専制(強制)的でない限り、「自由な意思」であれば何をやってもOK。ただ、たとえ自由な意思と言えども拳銃をぶっ放したら、対価として撃ち殺されても文句は言えない警察国家アメリカ。

トランプの唱える「アメリカファースト」という言葉は台頭する中国へのリベンジの色合いに染まっている。

カナダをアメリカの一州にすると言い、グリーンランドをデンマークから買い取ると言い、パナマ運河の管轄権をパナマから取り戻すと言い、「パリ協定などクソくらえで、国内に埋蔵されている石油を掘って掘って掘りまくれ」と言っているが、どれも中国の進出を見越しての恫喝だろう。

もうすでに中国の進出を許してしまった事業がある。それはスマホのアプリ「ティック・トック」で、アメリカでは若者を中心に1億7千万人が利用しているという。何と人口の半分である。

このような情報産業からアメリカの個人情報や何かを向こうに筒抜けになっている、というのがトランプのティック・トック禁止策だったが、ティック・トックを通じて若者の支持者が増えたというから、何とも痛し痒しだ。

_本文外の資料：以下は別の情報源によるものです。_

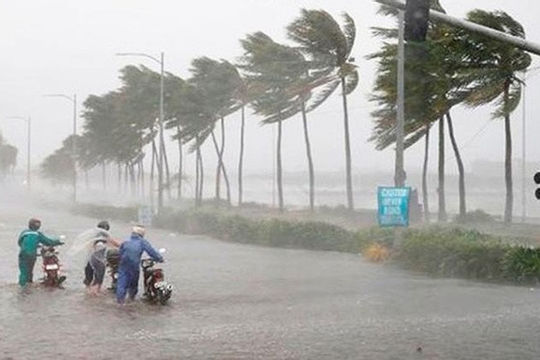 Ngành giáo dục chủ động ứng phó với áp thấp nhiệt đới, có khả năng mạnh lên thành bão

結果、撤退の期間を猶予したり、さらにはアメリカの資本を半分以上確保すれば新規の事業を認めるという風に変わって来ている。これなんかは昔中国で日本企業などが合弁事業化した際の中国の言い分そのものではないか。

とにかくどう出るか、どう転ぶか分からないトランプ新政権始まった。

日本への直接の言及はなかったが、当面は対中国への牽制活動に駆り出されるだろう。